Fig. 6. PMX205 does not prevent all glial responses to injury.

Representative images of dorsal hippocampus stained for CD11b (A, left)and CD11c (a right) and Iba1 (b) in Arc-veh (top panel) and Arc-PMX (bottom panel) 10X magnification, scale bar 200 μm. c–e Quantification of percent field area (FA %) of WT-veh, WT-PMX, Arc-veh, and Arc-PMX for CD11b (c), CD11c (d), and Iba1 (e). f Representative images of dorsal hippocampus stained for S100a6 (left), LCN2 (middle), and GFAP (right) in Arc-veh (top panel) and Arc-PMX (bottom panel) 10X magnification, scale bar 200 μm. Quantification of FA% of WT-veh, Arc-veh, and Arc-PMX for S100a6 (g), LCN2 (h), and GFAP (i). Males (circles) and females (triangles) are designated in all graphs. Data shown as mean ± SEM of 3-4 images per mouse. Two-way ANOVA, n = 3-8 mice/genotype/treatment (CD11b, n = 6 WT-veh, n = 6 WT-PMX, n = 7 Arc-veh, n = 8 Arc-PMX. CD11c, n = 6 WT-veh, n = 6 WT-PMX, n = 7 Arc-veh, n = 7 Arc-PMX. Iba1, n = 6 WT-veh, n = 5 WT-PMX, n = 7 Arc-veh, n = 7 Arc-PMX. S1006a n = 3 WT-veh, n = 3 WT-PMX, n = 8 Arc-veh, n = 5 Arc-PMX. LCN2 n = 3 WT-veh, n = 3 WT-PMX, n = 7 Arc-veh, n = 5 Arc-PMX. GFAP n = 3 WT-veh, n = 3 WT-PMX, n = 7 Arc-veh, n = 5 Arc-PMX.).

Fig. 7. PMX205 protects against spatial memory deficits in Arctic females.

a Overview of Y maze experiment completed at 10 months of age. Time spent in the novel arm during the test trial in females (b) and males (c). Data shown as mean ± SEM. *p < 0.05; **p < 0.01, Two-way ANOVA with Tukey’s post hoc. WT-veh vs Arc-veh, p = 0.0253; Arc-veh vs Arc-PMX, p = 0.0014. N = 12M9F (WT-veh), 11M13F (WT-PMX), 9M7F (Arc-veh) and 9M8F (Arc-PMX).
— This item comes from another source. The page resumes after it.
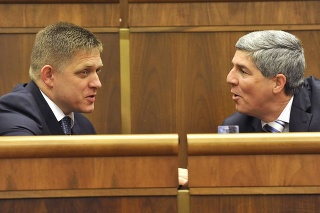 Robert Fico (Smer) a Béla Bugár (Most-Híd) v družnej debate.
Fig. 8. Early treatment with PMX205 suppresses neurofilament light levels in plasma of Arc mice.

a Plasma NfL levels of WT and Arctic mice before (pre) and after (post) PMX205 or water treatment from 7.5 to 10 months. b Plasma NfL levels in WT and Arc pretreatment and at 7 mo after (post) PMX205 treatment for 2, 6, or 12 weeks. Data shown as mean ± SEM. *p < 0.05; **p < 0.01; ***p < 0.001, Repeated measures Two-way ANOVA with Tukey’s post hoc, WT-H₂O (post tx) vs Arc- H₂O (post tx) p = 0.002; WT-PMX (post tx) vs Arc-PMX (post tx) p = 0.0316. N = 16 (WT- H₂O), 16 (WT-PMX), 14 (Arc- H₂O) and 10 (Arc-PMX) (a) and Sidak’s post hoc, Arc vs WT, p = 0.0004; Arc vs Arc-PMX 12 wk p = 0.13; Arc vs Arc-PMX 6 wk p = 0.0018; Arc vs Arc-PMX 2 wk p = 0.0486. N = 6 (WT- H₂O), 3 (Arc- H₂O), 4 (Arc-PMX 12 wk), 6 (Arc-PMX 6 wk), and 6 (Arc-PMX 2 wk) (b). Males and females were included in both studies with no apparent sex differences evident in any genotype/treatment group.